SUPPLIED RECORDS >>
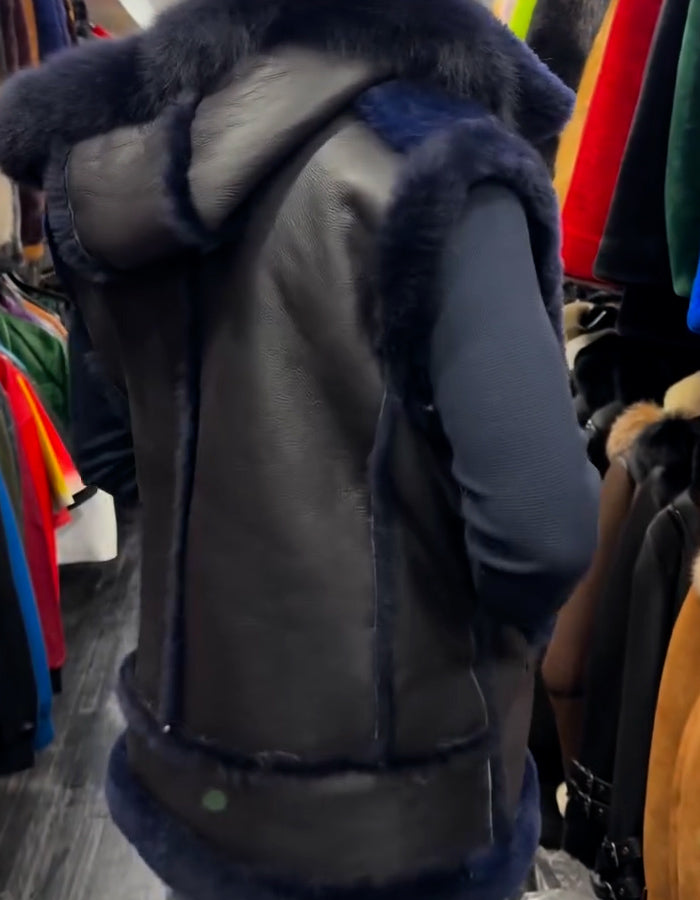 Fur Sleeveless Jacket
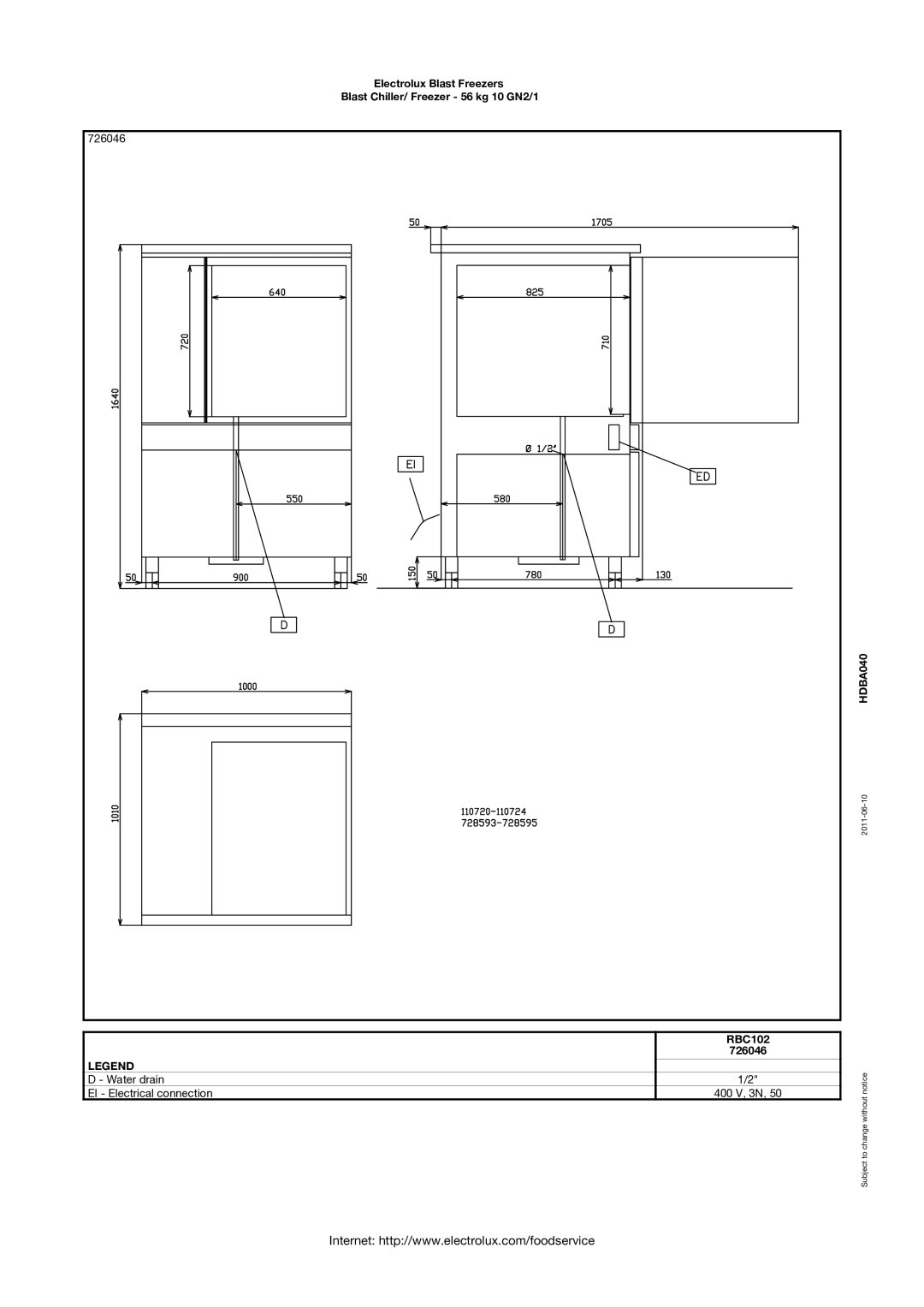 Electrolux 10 GN2/1 manual 726046 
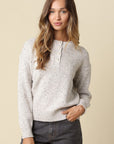 The Aubrey Natural Speckled Sweater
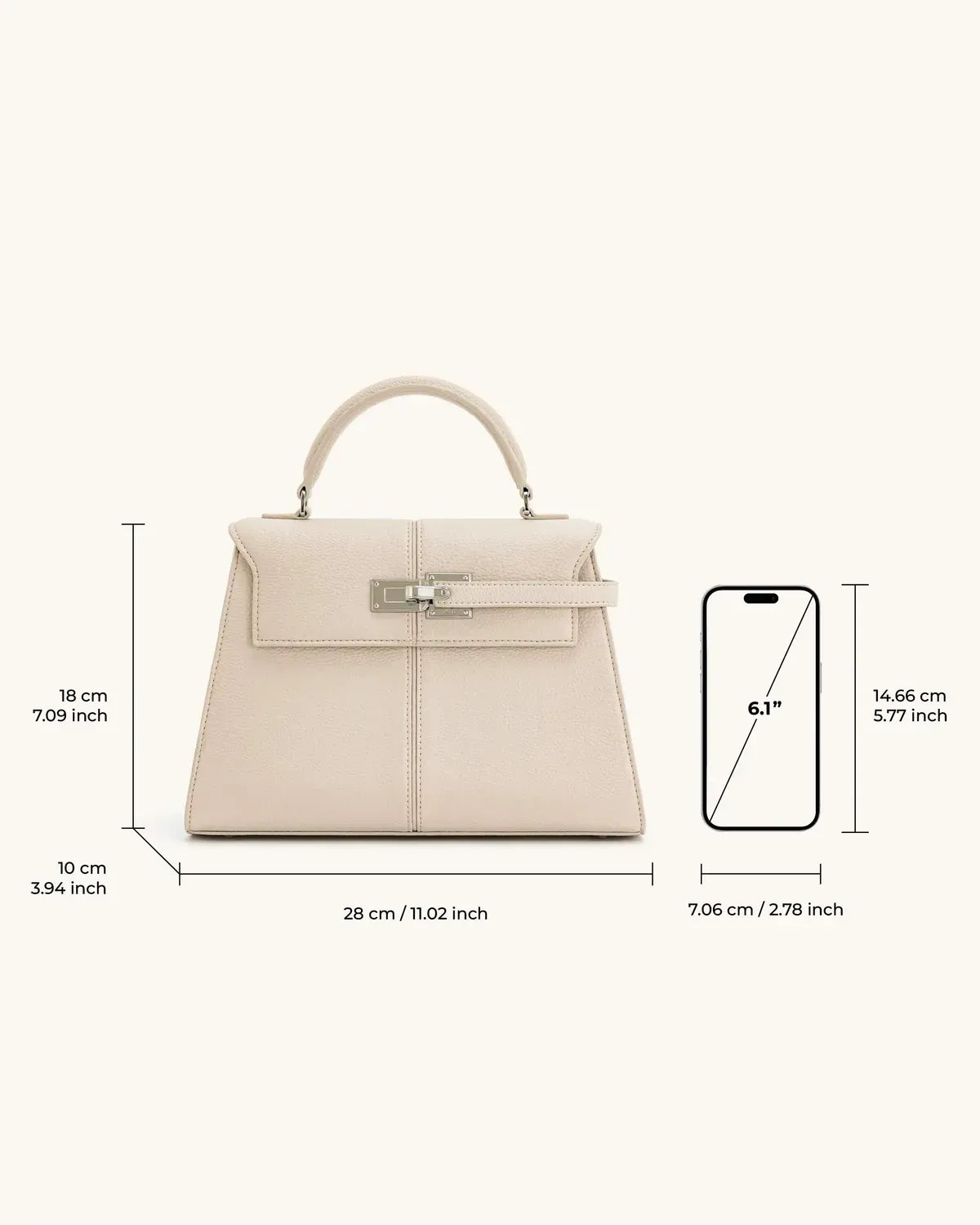 Жіноча сумка з верхньою ручкою JW PEI Elise Large Top Handle Bag, біла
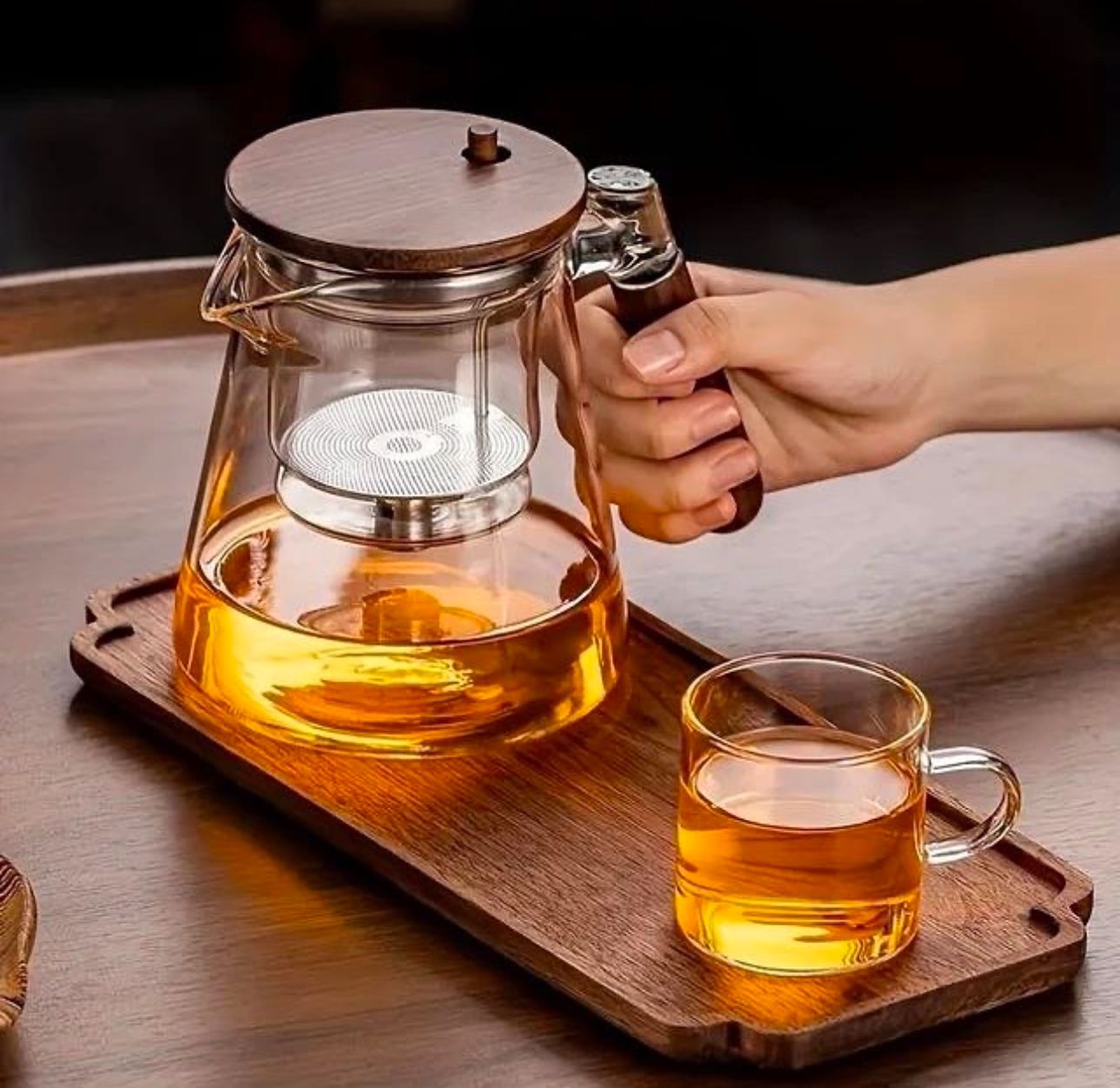 Borosilicate Bliss | Heat-Resistant Glass Teapot with Infuser 2
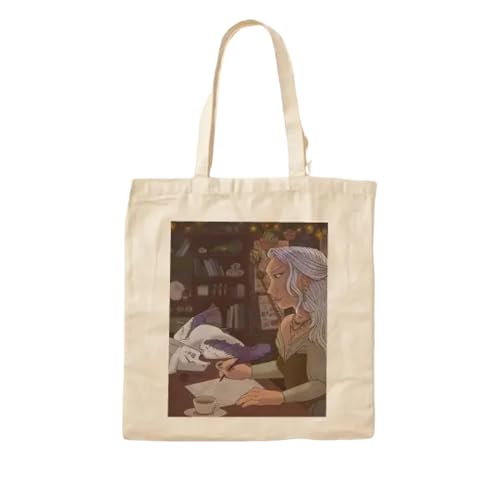 JWPPPATD Witch Working Cotton Canvas Bag Printed Foldable Designer Tote Handbag Shopper Travel Reusable Ladies Unisex Women Casual von JWPPPATD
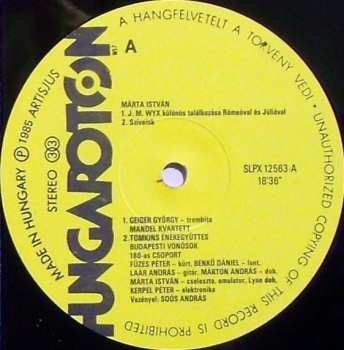 LP István Mártha: Hearts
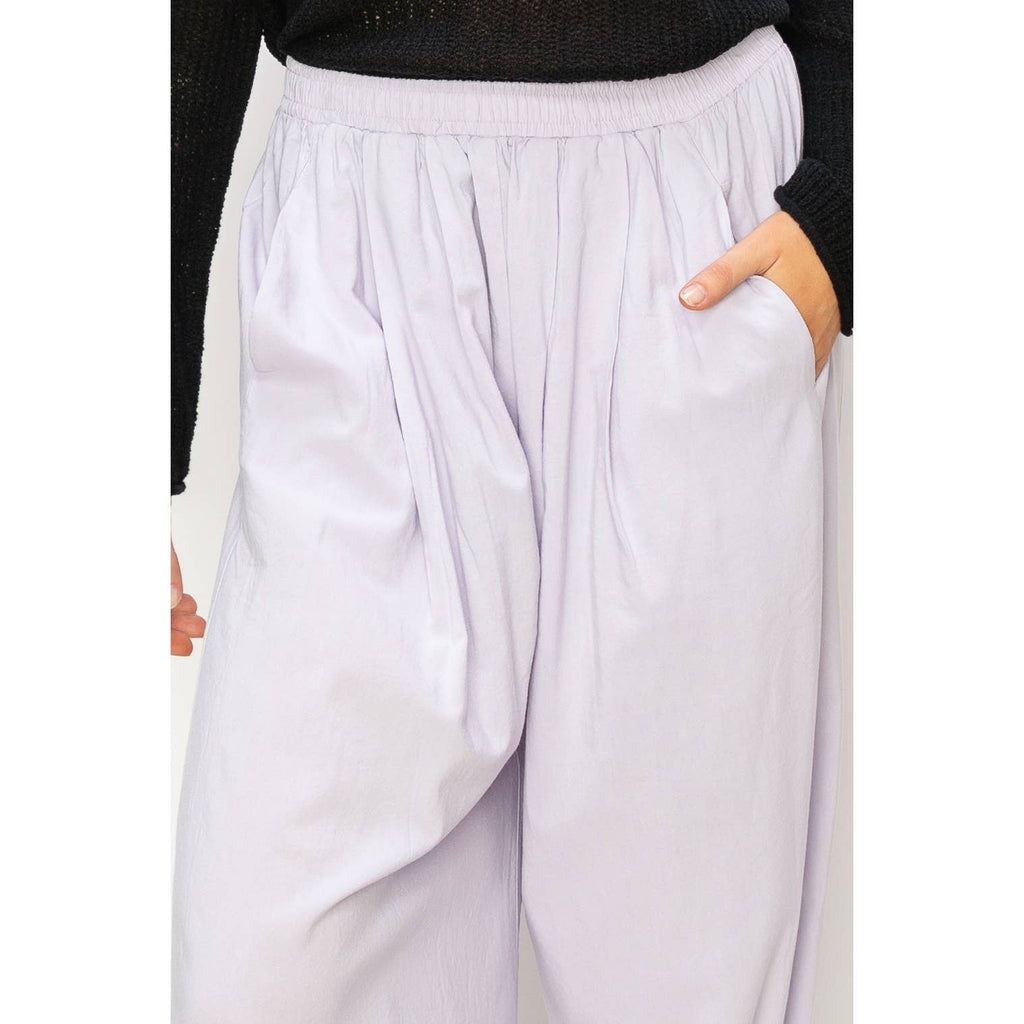 Mid Rise Wide Leg Pants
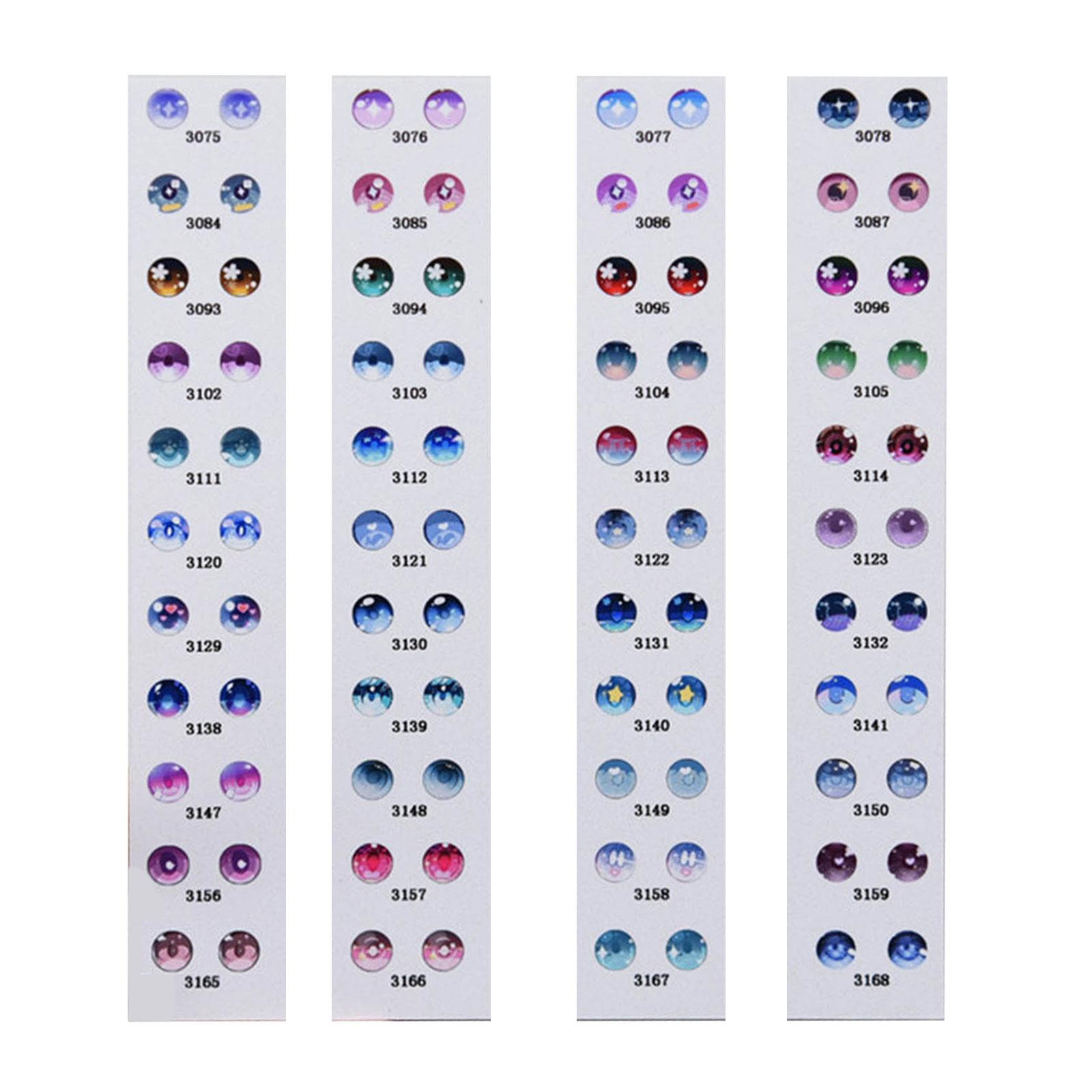 Глаза куклы BJD Глаза куклы ручной работы Глаза аниме Глаза куклы ручной работы из глины Подарочные аксессуары для игрушек своими руками Подарок для любителей рукоделия 2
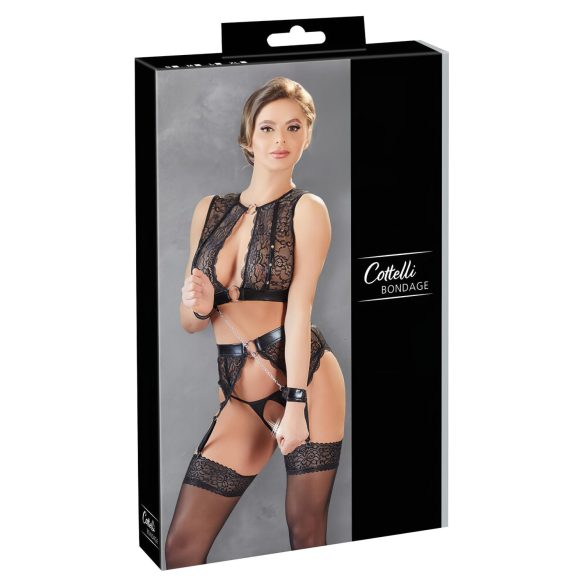 Cottelli Bondage - Pitsilise pesu komplekt (4 osa)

EXERCISE INSTRUCTIONS >> The material is to be reproduced verbatim, and no picture may appear in the copy.

RESULT >>
 Fur Sleeveless Jacket
 Electrolux 10 GN2/1 manual 726046 
 The Aubrey Natural Speckled Sweater
 Жіноча сумка з верхньою ручкою JW PEI Elise Large Top Handle Bag, біла
 Borosilicate Bliss | Heat-Resistant Glass Teapot with Infuser 2
 JWPPPATD Witch Working Cotton Canvas Bag Printed Foldable Designer Tote Handbag Shopper Travel Reusable Ladies Unisex Women Casual von JWPPPATD
 LP István Mártha: Hearts
 Mid Rise Wide Leg Pants
 Глаза куклы BJD Глаза куклы ручной работы Глаза аниме Глаза куклы ручной работы из глины Подарочные аксессуары для игрушек своими руками Подарок для любителей рукоделия 2
 Cottelli Bondage - Pitsilise pesu komplekt (4 osa)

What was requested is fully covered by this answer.